When the government eventually declared the regions of greatest activity an emergency zone, it granted the military the power to detain anyone “suspicious.” This fuelled xenophobia and led the military to arrest innocent campesinos, many of whom were subjected to torture and rape. The Truth and Reconciliation Commission’s report of 2003 estimates that 69,280 people lost their lives during the conflict. And most of them, of course, were the people caught in the middle, the campesinos.
Now that the conflict is considered to be over, Australia will once again have a presence in Peru, with the embassy due to open later this year. Yet traces of Peru’s internal conflict linger, and nowhere are these traces more apparent than in the actions of García.
The Moqueguazo
What has become known as the “Moqueguazo” began in March 2008 when it was revealed how much commerce tax the neighbouring regions of Tacna and Moquegua would receive from the companies exploiting their natural resources. For Tacna the tax meant an extra 711 million nuevos soles (about A$290 million), but for Moquegua the additional funds only amounted to 244 million nuevos soles, despite the fact that the latter produces more copper than its neighbour. Defenders of Moquegua’s interests announced that there would be a forty-eight-hour strike on 4 and 5 June, at which time Premier Jorge del Castillo acknowledged that their complaint was justified. But on 9 June, del Castillo retracted his earlier statement and declared that nothing could be done. Hours later, a strike of indefinite duration began, paralysing the region for ten days.
Protesters were mainly concentrated at the principal bridge of Moquegua, which they had blocked in order to immobilise the city. When the confrontation began to escalate, the chief of police, General Alberto Jordán, faced with two options, chose the peaceful one: he ordered his men to leave behind their weapons, saying that they would try to remedy the situation that had arisen when other police at the bridge had started using teargas without orders to do so. Once there, Jordán found the protesters furious, and convinced them to take him as a hostage, rather than his men.
Once Jordán was released, García acted. Instead of applauding Jordán’s diffusion of the situation, he called him a coward. And then, to the shock of the general populace, he relieved Jordán of his charge. García’s response revealed that the country’s internal conflict of the 1980s and 1990s was far from dormant.

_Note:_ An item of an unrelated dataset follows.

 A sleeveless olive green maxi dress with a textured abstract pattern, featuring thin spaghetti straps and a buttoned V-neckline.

In her article “La tentación del olvido: guerra, nacionalismo e historia en el Perú” (“The Temptation of Forgetting: War, Nationalism and History in Peru”), published in 2000 in Diálogos en historia, Cecilia Méndez G. wrote that a worrying consequence of Peru’s internal conflict was the extreme anti-terrorist attitude that prevailed among her compatriots at the time of her writing. She wondered why, and in what moment, the Shining Path, a Peruvian phenomenon, had been denationalised and branded un-Peruvian. She mentioned the general populace’s exuberant celebrations when fourteen hostage-takers were executed by the government at the residence of the Japanese ambassador to Peru in 1997 – some of them after their hostages had been successfully freed. Méndez G. interpreted these events as demonstrating that patriotism at all costs had created a predisposition for excusing violent acts of the government. She believed that fear of further internal conflict had made many willing to accept violent governmental reprisals against anyone who expressed discontent with the government.

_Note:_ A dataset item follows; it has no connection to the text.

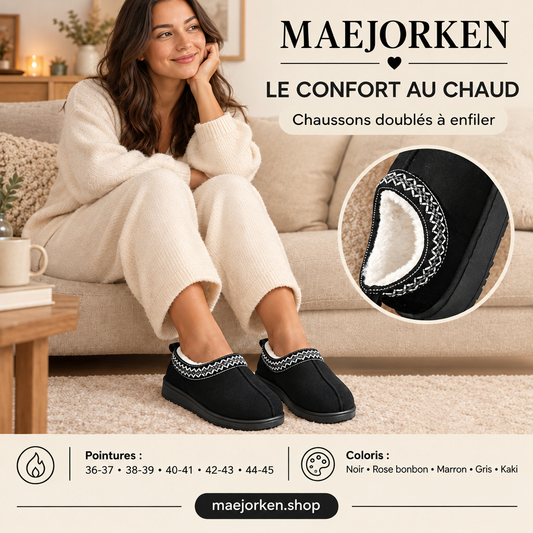 Chaussons-bottines d’hiver doublés MAEJORKEN, affiche sans prix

Yet this predisposition of the general populace that so concerned Méndez G. has not been evident in recent years. The shocked reaction of Peruvians to Jordán’s dismissal shows that they neither expected nor desired a violent government reaction. When sacking Jordán, García expected that his people would excuse violent authoritarianism in their determination never again to be in the thrall of an internal conflict. And the Moqueguazo was the first incident in which García demonstrated that violent actions were all he would accept from his officials, that anything less would result in a sacking. It was the first time, in other words, that García demonstrated his inclination to implement violence against anyone he could construe as “terrorist,” in a misguided attempt to curry favour with his constituents.
The Bagua clash
In 2008 another protest was brewing in another part of the country, the Amazon, and this time the stance that García had adopted in the Moqueguazo would cost lives.

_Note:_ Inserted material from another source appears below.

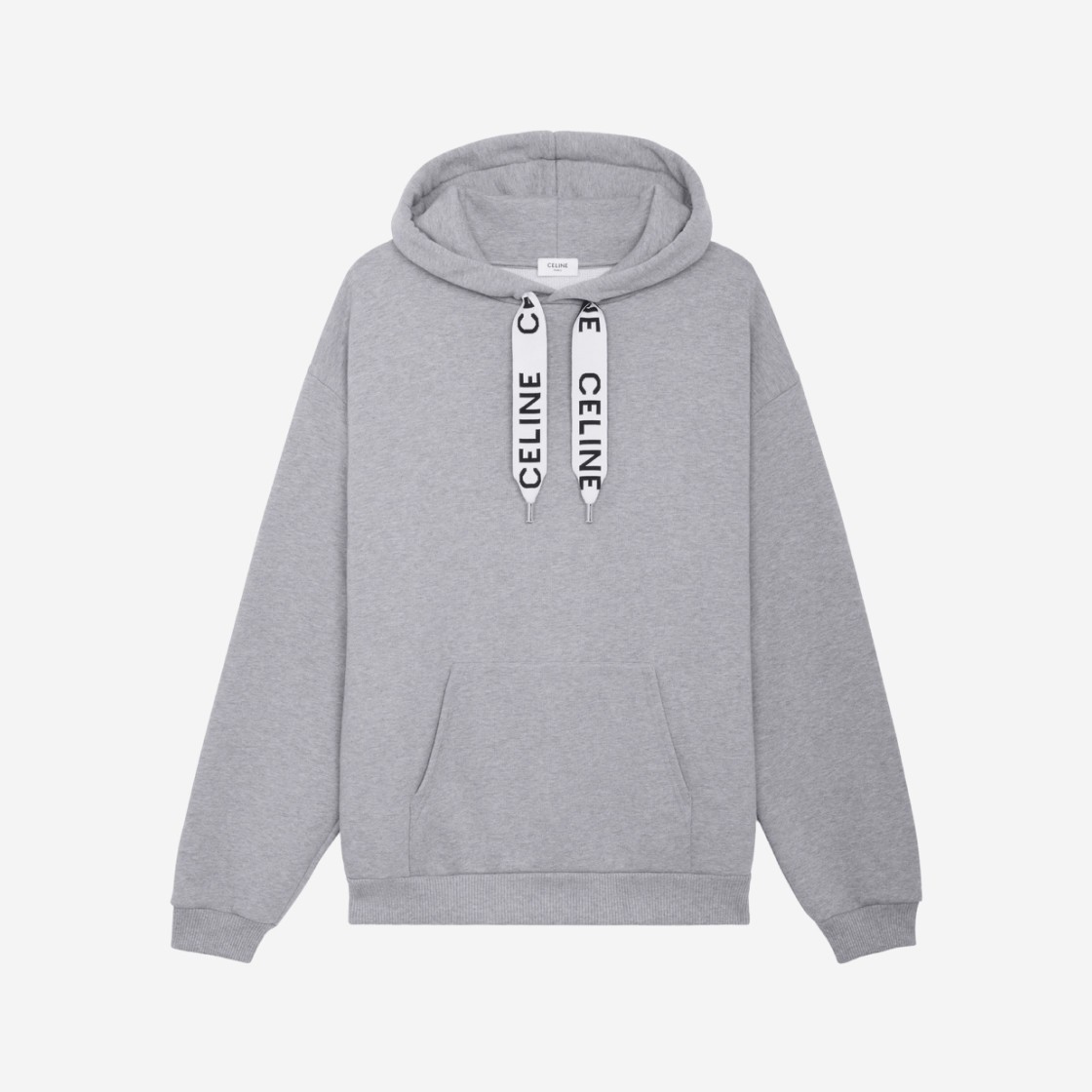 Celine Loose Hoodie in Cotton Fleece Light Grey 상세 이미지 1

Prior to 1993, Peru was in the vanguard of countries protecting indigenous rights. The 1930 Constitution recognised the right of indigenous communities to their own land and gave them the autonomy to take care of their own affairs. But during the 1990s, President Alberto Fujimori ushered in neoliberal economic reforms, including a drastic privatisation crusade and free-market policies, which were in striking contrast to his campaign platform and even more radical than the opposition had proposed. This period saw the creation of the 1993 Constitution, which abolished the unalienable nature of the lands belonging to indigenous communities. Subsequent presidents have continued the slow withdrawal of many of their rights.
In 2008, García tried to introduce a series of decrees that became collectively known as the Law of the Jungle. The decrees were passed without consultation with the people they would affect, through special powers awarded to García by Congress, with the goal of having Peru meet rules set out in a free-trade agreement with the United States. Their purpose was to make it easier for companies to gain concessions for oil drilling, mining and logging by ensuring that the companies would not have to negotiate with local indigenous communities.
Protests by members of AIDESEP, the Peruvian Jungle Interethnic Development Association, which represents Peruvian Amazonians, began in late 2008, and gathered force in April 2009. Indigenous Amazonians shut down oil and gas pumping stations and blockaded road and river traffic, requesting that the Law of the Jungle be repealed.
García made it clear that he thought the indigenous Amazonians had failed to see that the decrees were a path to their own progress and betterment. After tolerating the protests for a few months, García said that it was time to put a stop to them. “These people,” he stated, “are not first-class citizens. What, can 400,000 natives say to twenty-eight million Peruvians, ‘You don’t have any right to come round here’? No way, that would be a grave error, and those who think that way want to lead us into irrationality and a backward, primitive state.”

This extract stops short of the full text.